• _Items listed in a dataset_:
# # # # #

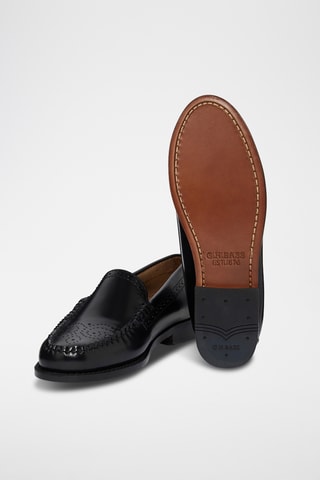 Leren Mocassins Venetian - Zwart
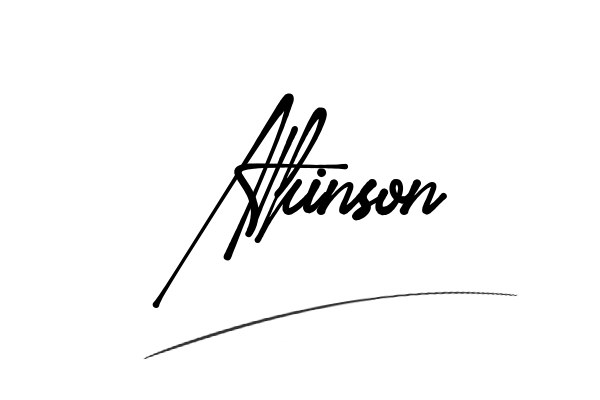 The best stylish Atkinson name signature simple easy in English
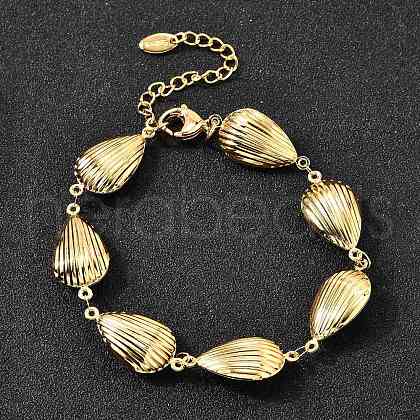 304 Stainless Steel Link Bracelets for Women BJEW-P354-04A-G-1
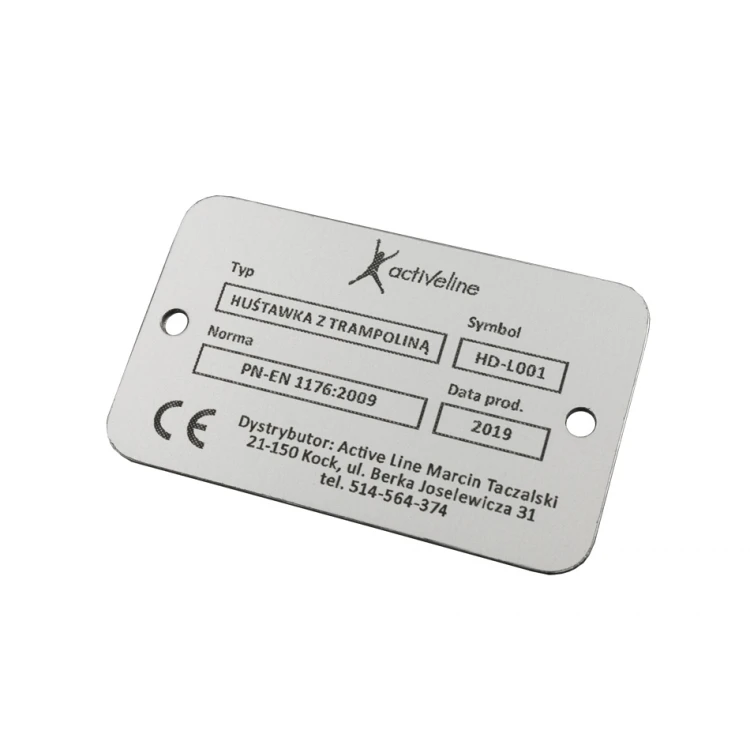 Tabliczka grawerowana z aluminium aluply - wymiar 50x30mm - TAB063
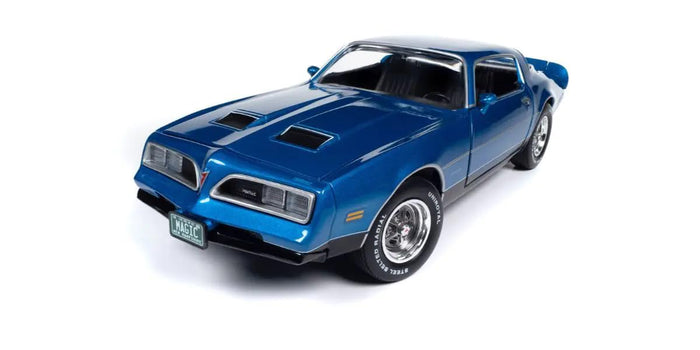 Kyosho 1/18 1978 Pontiac Firebird Formula Martinique Blue Diecast Model Car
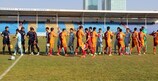 Astana and Galatasaray shake hands ahead of their meeting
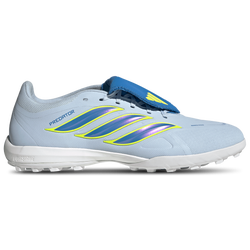 Men's - adidas Predator League Fold-Over Tongue Turf - Crystal Sky/Ray Blue/Team Solar Yellow
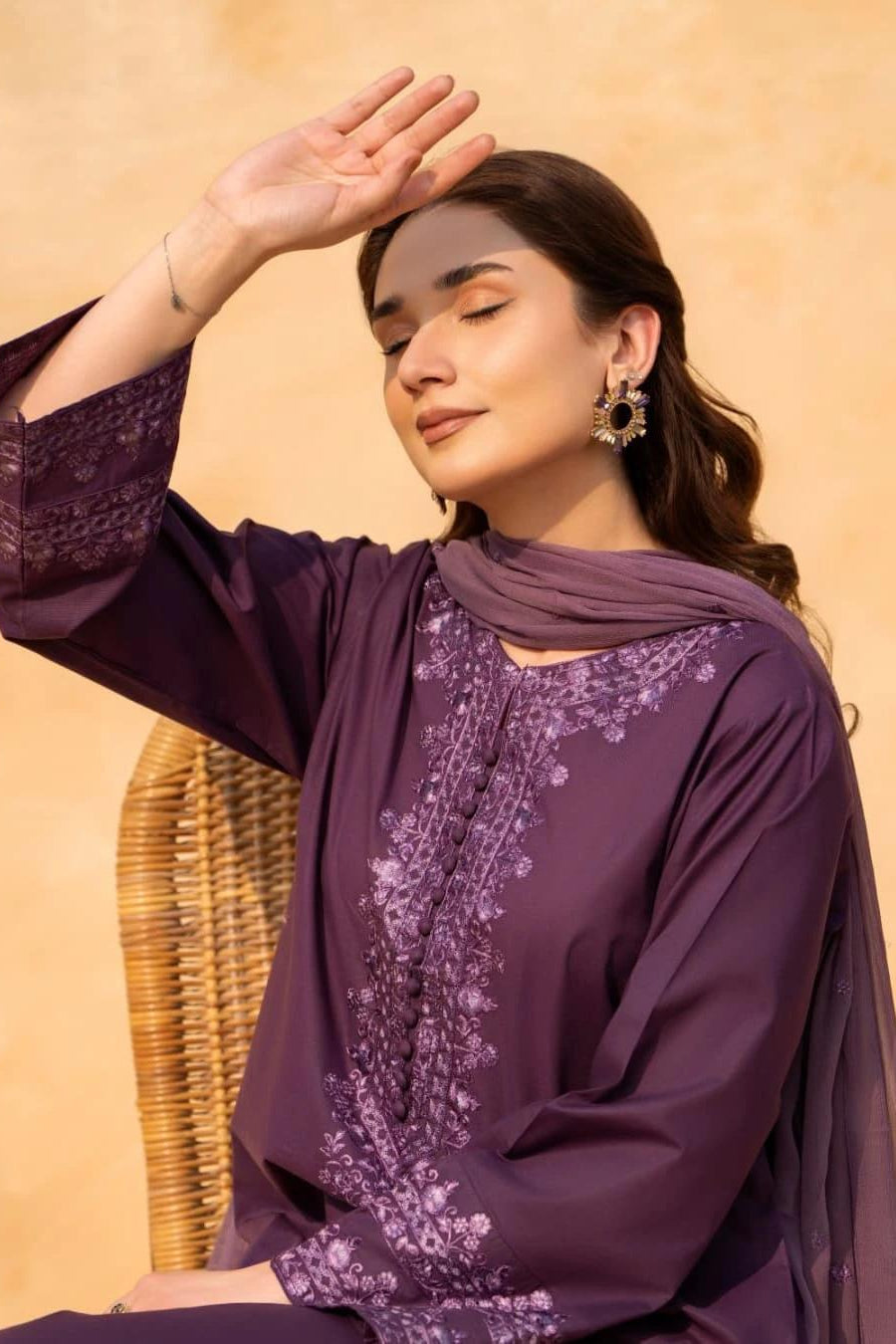MARI PURPLE 3PC - Desi Rang
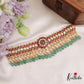 Stunning Floral Jadau Choker With Pearl And Bead Drops NC2687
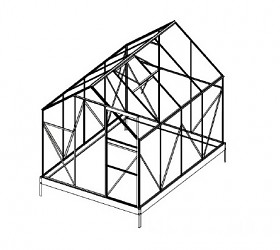 náhradní prosklení pro skleník LANITPLAST SARANA 6x8 PC 4 mm LG5163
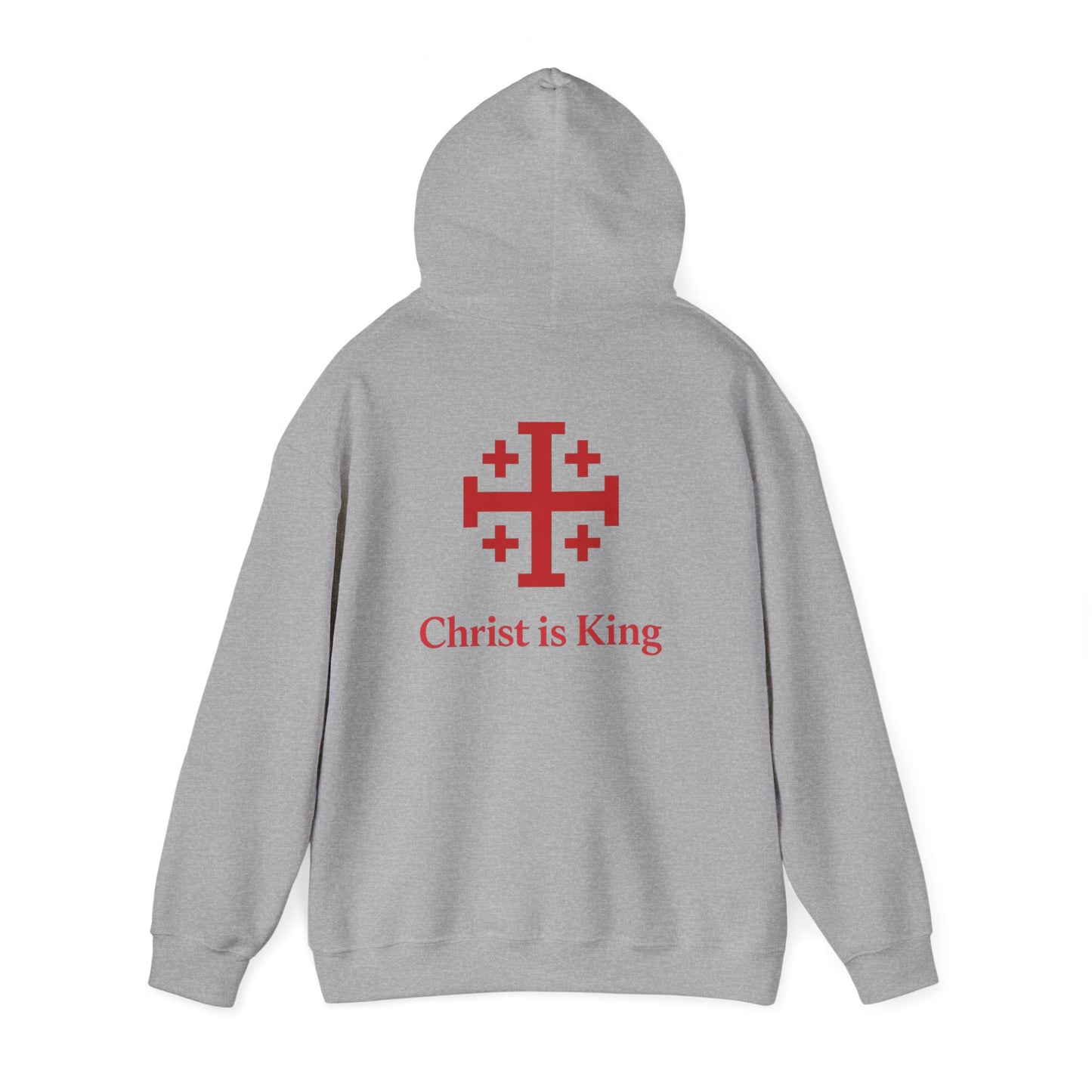 Jerusalem Cross Christ Is King Hoodie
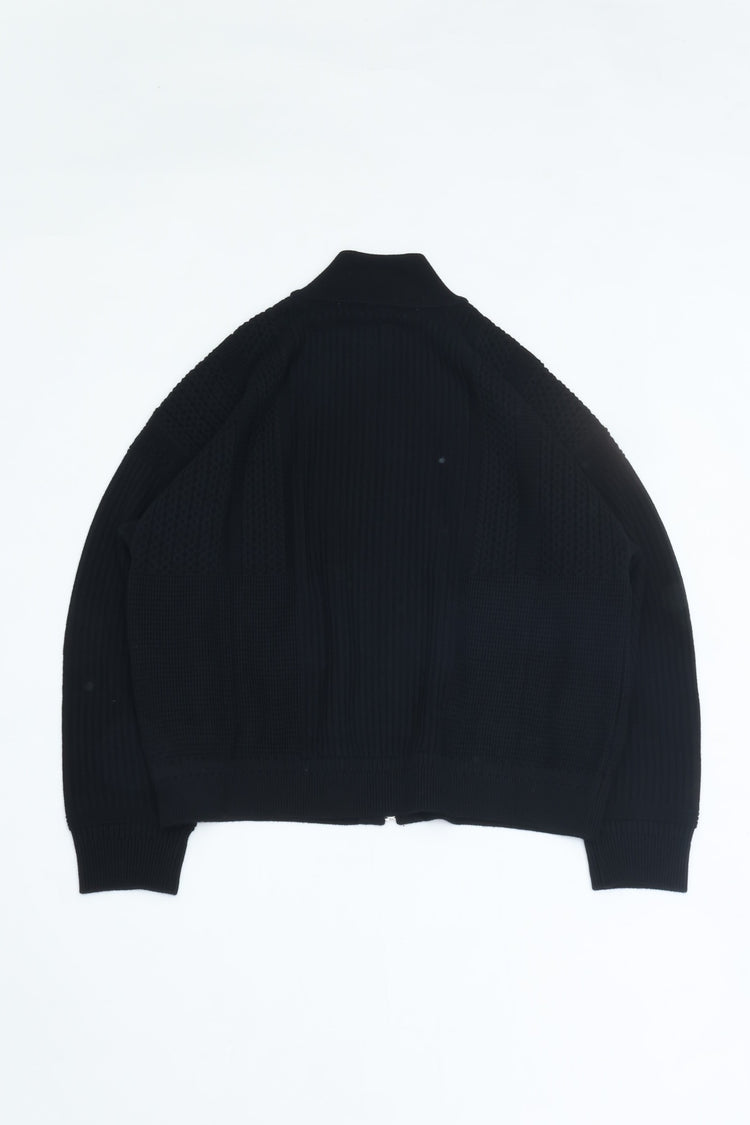 YASHIKI    Akiiro Drivers Knit （秋色）YSK-26AW-KN09 BLACK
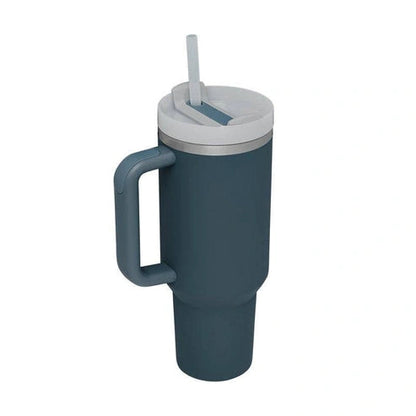 Aaponminimarket 40 oz Insulated Stainless Steel Travel Mug with Handle & Straw (BPA-Free)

# # # # #

• _AIM OF THE EXERCISE_:
The answer must be an exact copy of the lines from the one containing "Astana and Galatasaray" through the last line of the records, and nothing else. Pictures do not belong in it.

• _RESULT BELOW_:
 Astana and Galatasaray shake hands ahead of their meeting
 Men's - adidas Predator League Fold-Over Tongue Turf - Crystal Sky/Ray Blue/Team Solar Yellow
MARI PURPLE 3PC - Desi Rang
 Stunning Floral Jadau Choker With Pearl And Bead Drops NC2687
 náhradní prosklení pro skleník LANITPLAST SARANA 6x8 PC 4 mm LG5163
 Jerusalem Cross Christ Is King Hoodie
 YASHIKI    Akiiro Drivers Knit （秋色）YSK-26AW-KN09 BLACK
 Aaponminimarket 40 oz Insulated Stainless Steel Travel Mug with Handle & Straw (BPA-Free)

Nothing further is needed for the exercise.